HA K3s with Cilium and Gateway API
Howdy 👋
This post is two things; long and to the point. While one might be able to follow along and replicate what was done here, it will require a setup like mine to be able to run the same commands without modification.
The aim was to create a highly available k3s cluster with CNI provided by Cilium, utilising L2 announcements and Gateway API to provide external access to services. A lot of what was done here is experimental and in beta, so it’s not recommended for production use.

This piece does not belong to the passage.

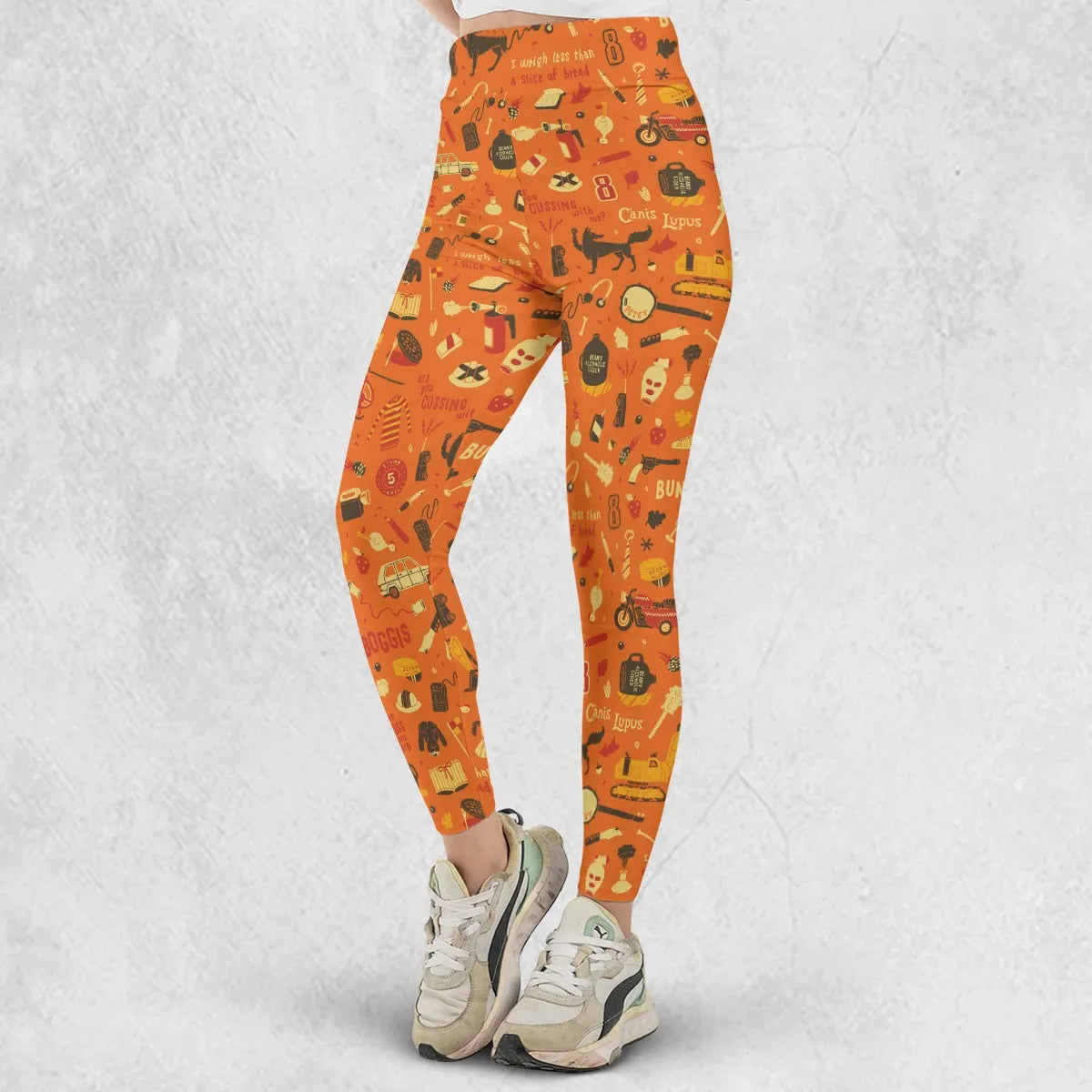 Legging - 3DM9452P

I won’t explain every command or choice made, otherwise this post would be even longer. It is assumed that the reader knows enough to be dangerous.
The plan
- Create a highly available k3s cluster using proxmox
- Install cilium and configure it to use L2 announcements, IP IPAM and Gateway API
- Install cert-manager and configure it to use letsencrypt and gateway API instead of ingress
- Install external-dns and configure it to use gateway API instead of ingress
- Deploy a test application and expose it using gateway API, cert-manager and external-dns
Here is a confusing and probably not useful diagram of the setup:
graph TD subgraph k3s Cluster subgraph Control Plane CP1[Control Plane Node 1] CP2[Control Plane Node 2] CP3[Control Plane Node 3] end subgraph Worker Nodes W1[Worker Node 1] W2[Worker Node 2] SLB[Service LoadBalancer] W2 --> SLB end end subgraph Cilium CNI Cilium[Cilium] L2A["L2 Announcements"] IPAM["IP IPAM"] GatewayAPI["Gateway API"] HTTPR[HTTPRoute] GatewayAPI --> HTTPR GatewayAPI -- controls --> SLB end subgraph External DNS HTTPR -- annotation triggers --> ExternalDNS ExternalDNS[external-dns] ExternalDNS -- registers --> Pihole[Pi-hole] Pihole -- resolves --> SLB end subgraph Cert Manager CM[cert-manager] CF[Cloudflare DNS Challenge] CM --> CF HTTPR -- annotation triggers --> CM CF -- creates --> Cert[Certificate] Cert -- provides --> SLB end Cilium -- controls --> L2A Cilium -- controls --> IPAM Cilium -- integrates with --> GatewayAPI SLB -- gets IP from --> IPAM L2A -- announces on --> W2 CP1 --> Cilium CP2 --> Cilium CP3 --> Cilium W1 --> Cilium W2 --> Cilium style Cilium fill:#3c3836 style CP1 fill:#282828 style CP2 fill:#282828 style CP3 fill:#282828 style W1 fill:#504945 style W2 fill:#504945 style SLB fill:#928374 style CM fill:#b8bb26 style ExternalDNS fill:#fabd2f style CF fill:#d3869b style GatewayAPI fill:#d65d0e style L2A fill:#8ec07c style IPAM fill:#83a598
The Setup
Five virtual machines. A Proxmox VM Template was used, with Packer providing the template configuration. Each one had a single network interface (all had the same interface name ), suitable ssh public key and working DNS. DHCP and reserved addresses were used, but static addresses would work just as well. Three of these were for the control plane, two for worker nodes.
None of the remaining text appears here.